I spoke earlier about our origins as a college of immigrants and of the tensions inherent in our founding and in our history between identity and assimilation. These tensions have been with us for 132 years, and they will remain with us in the future. But there is no reason for them to paralyze us or to divide us. We can honor our past and especially the Norwegian and Lutheran bonds that brought this college into being and have sustained it throughout its life without locking ourselves into some infinitely receding view of our community that, like a hallway of mirrors, shows us nothing but an infinite reflection of ourselves. Similarly, we can craft a future for our college that, based upon our vast experience with this dynamic, provides the same opportunities for other groups torn between identity and assimilation, without abandoning our identity, our heritage or our friends. A wise member of our Board of Regents has a habit, when asked to choose between options A or B, emphatically to choose “Both!” This is a no-brainer. Let us use our past to guide our future by embracing a future for St. Olaf that both remembers our heritage and employs it in service of others.
Perhaps you can see now why I called us a complex institution. We seek to combine in one college the academic excellence of the elite institutions of higher learning in America, the living and abiding connection with a faith that we proudly confess of the most centered colleges in America, the richly complex treatment of vocation that characterizes the most outwardly focused colleges in America, and all of this in an environment where changing patterns of race and class are defining new parameters in which we operate. Many institutions are working in, and on, one or two of these areas. We are working in and on all of them.
The years to come are going to be exciting.
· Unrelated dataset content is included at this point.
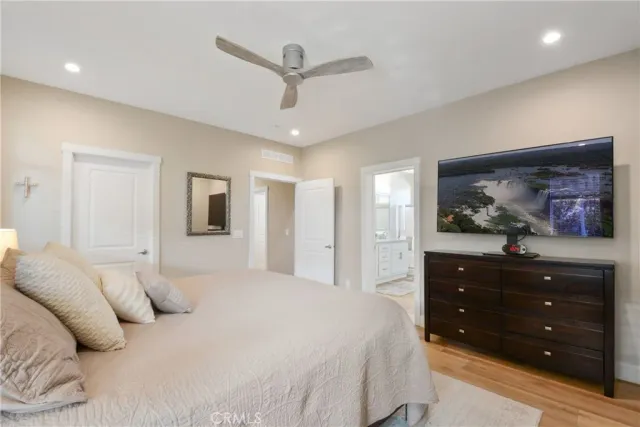 $379,900 | 16222 Monterey Lane, Unit 178, Huntington Beach, CA 92648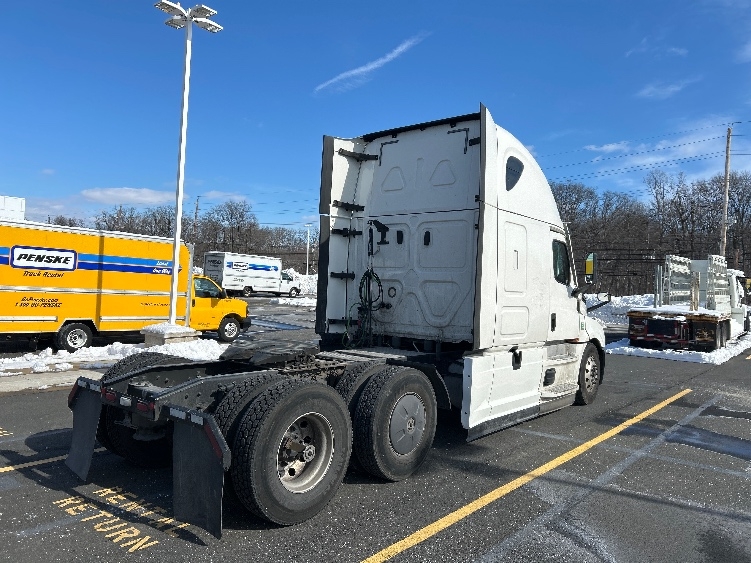 Used 2020 Freightliner Cascadia - photo 9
They will also be full of challenges, but that is why we have been given intelligence, energy, a sense of humor and faith. Our college has a distinctive place in American higher education, and we—all of us here tonight—have been called to help make our college an exemplar. I see this inauguration as an important turning point. OK. It’s done. No more focus on the new president. Now we focus on the work of our college. I thank you for the opportunity I have been given to serve with you, I thank you in advance for your guidance and support, and I thank you for your presence here tonight.